別れの準備をしていく“サンドラ”レア・セドゥのアザービジュアル『それでも私は生きていく』
2023年4月27日(木)19時0分 シネマカフェ
本作は、ミア・ハンセン=ラブ監督自身の父親が病を患っていた中で脚本を書いた自伝的作品。親の死を意識したときに誰もが感じる無力感や恐れだけでなく、新しい情熱が生まれる可能性も描くことで、人生を愛したくなる映画に仕上げ、第75回カンヌ国際映画祭でヨーロッパ・シネマ・レーベル賞を受賞した。
解禁となった3種類のアザービジュアルは主人公サンドラの劇中見せる様々な表情を切り出したもので、35ミリフィルムで引き立つ強い色味も印象的。
大きなリュックを背負ったサンドラがドアに耳を当てる姿を捉えたのは映画のオープニングシーンで、父ゲオルグの家を訪ねた彼女は、開け方が分からず混乱しているドアの向こうの父の言葉に慎重に耳を傾けながら、優しく促していく。
頬づえをつきながら柔らかな表情で真っすぐ前を向き、うつむく彼女の視線の先には彼女が慕う老いた祖母がいるカット。

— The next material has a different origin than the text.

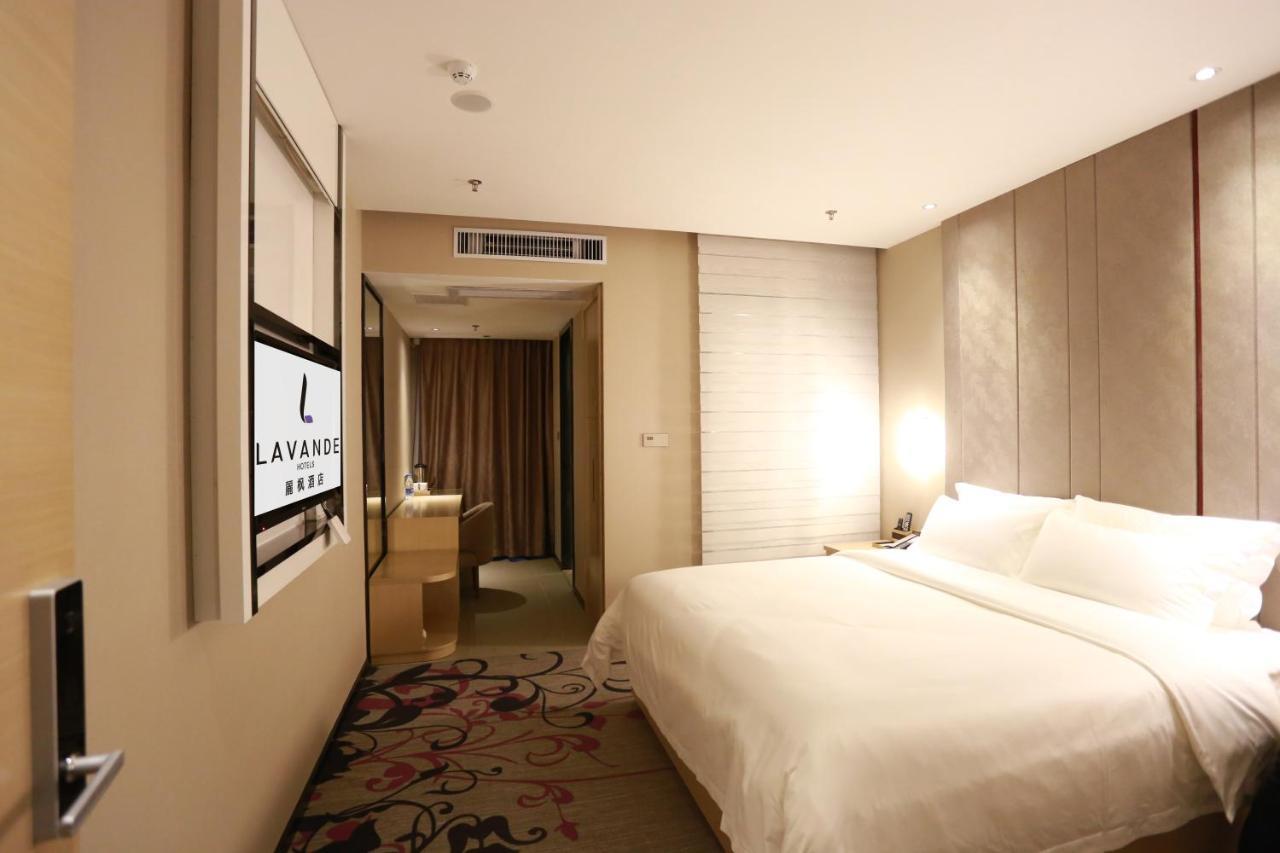 Lavande International Hotel Guangzhou Taikoo Hui Square Shipaiqiao Metro Station Branch - Free Shuttle Bus To Canton Fair Complex During Canton Fair Period & Free Vpn Internet Access Екстер'єр фото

また、父の見舞いに来た施設の屋上で物思いにふける表情を浮かべる背景には、パリの曇り空が広がっている。
これらのビジュアルを通じて、物語の中で“別れ”の準備をしていくサンドラの姿も感じ取ることができるが、監督は、本作が描く“父親との別れ”について、「誰かが生きているうちから、哀悼の気持ちを感じるのがどんなことかを、この映画で伝えようとしました。ゲオルグはもうサンドラの知っている父親ではなくなっているけど、まだ生きている。精神が消えてしまっていても、彼の感性、存在といった部分は残っている。消失と存在が同時にあり得るという矛盾した動きは、私の心を大いに揺さぶる源であり、それを皆さんに感じてもらいたかったんです」と語る。

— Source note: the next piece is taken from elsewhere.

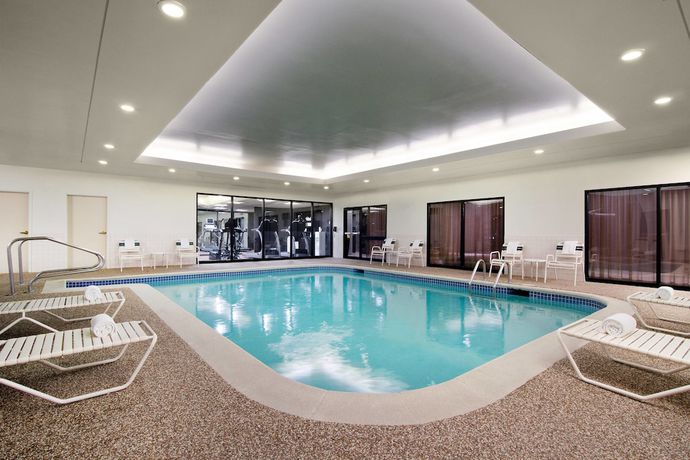 Imagen de la piscina del Hotel Courtyard St. Louis Airport/Earth City. Foto 20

このビジュアルのうち、レア・セドゥの表情を大きく写した頬づえバージョンは、新宿武蔵野館、シネスイッチ銀座ほか一部の上映劇場にて公開日初日より本作を鑑賞した方にアザービジュアルチラシとして先着プレゼントされるという(数量限定/なくなり次第終了)。
また、本作をいち早く鑑賞した各界で活躍する著名人からのコメントも到着。
『ケイコ目を澄ませて』の三宅唱(映画監督)は、「冒頭、レア・セドゥが道の向こうからやってくる。その時点でもう、彼女はすでに人生でいくつかの嵐をくぐり抜けてきたように見える」と語り、山崎まどか(コラムニスト)は、そんなレア・セドゥに「普通の女性の困難を描いたこの作品で、今まで一番柔らかくて優しいレア・セドゥに会えた。それだけで救われた気がした」とコメント。
「主人公の憂鬱な表情が素敵」という岩井志麻子(作家)は「憂鬱は分類すれば“幸福ではない”という状態だが、“幸福を求めている”状態でもある」とコメント。坂本安美(アンスティチュ・フランセ日本 映画プログラム主任)は「場所から場所、人から人へと移動する彼女の姿は、孤独と出会いの中で織り成される生のリズムをしっかりと刻んでゆく」と言い表し、劇中サンドラが見せる様々な表情や、それを演じたレア・セドゥ、さらに現代を懸命に生きようとするひとりの女性の人生を真摯に描き出した監督に対して、それぞれの言葉で賛辞が寄せられた。
『それでも私は生きていく』は5月5日(金・祝)より新宿武蔵野館、シネスイッチ銀座ほか全国にて順次公開。